Zhitong Finance APP learned that soaring U.S. interest rates, relatively strong U.S. economy and severe asset prices have attracted investors to buy the dollar, pushing the dollar to rise about 22% against a basket of currencies over the past year.

2025/05/0205:54:34 hotcomm 1436

Zhitong Finance APP learned that soaring US interest rates, relatively strong US economy and severe asset prices have attracted investors to buy the US dollar, pushing the US dollar to rise about 22% against a basket of currencies in the past year.
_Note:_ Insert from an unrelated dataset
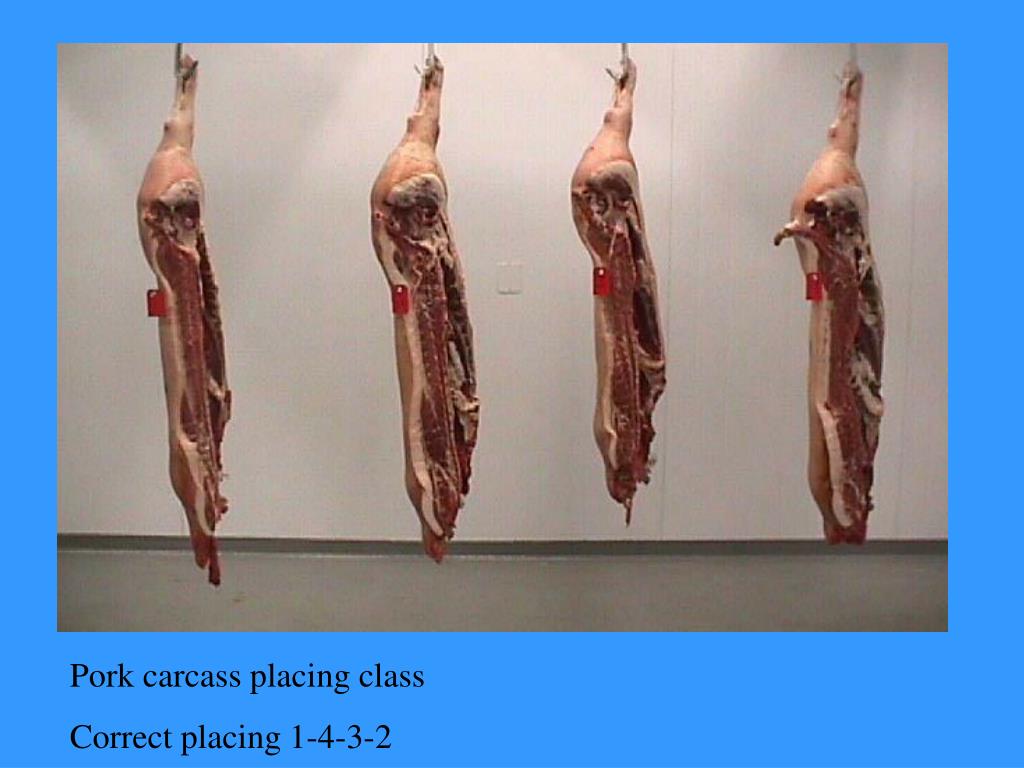 PPT Meats CDE Practice 2000 PowerPoint Presentation, free download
However, some investors are increasingly worried that dollar trading will become overcrowded, and if the reasons for holding the currency change and investors try to close all at once, the dollar may experience a sudden reversal.

As of the week ending September 20, speculators in the Chicago International Monetary Market held a net long position of USD 10.23 billion, which is lower than the high of nearly USD 20 billion in July, but this is the third long time that traders have held long positions in USD since 1999, for 62 weeks.
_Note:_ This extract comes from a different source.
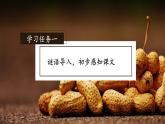 部编版五年级语文上册第2课《落花生》优质课件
In the Bank of the US 9 Global Fund Managers Survey, about 56% of respondents said long US dollars is the most crowded trade, which is the third consecutive month that the US dollar has maintained this position in the survey.

In the two weeks starting in mid-July, the dollar index fell nearly 3%, and investors may have tasted the reversal. At that time, some investors bet that U.S. inflation might slow down to a level that would allow Feder to stop aggressive hike rate . Eric Leve, chief investment officer of

Bailard, said that when US dollar trading becomes crowded, once the concept changes, the market's reaction will be very fierce, and it is easy to see a 10%-15% reverse fluctuation against the euro or the Japanese yen. The

USD index rose by more than 20% in 2009 and 2015, and fell by 7.7% and 6.7% respectively in the following two months.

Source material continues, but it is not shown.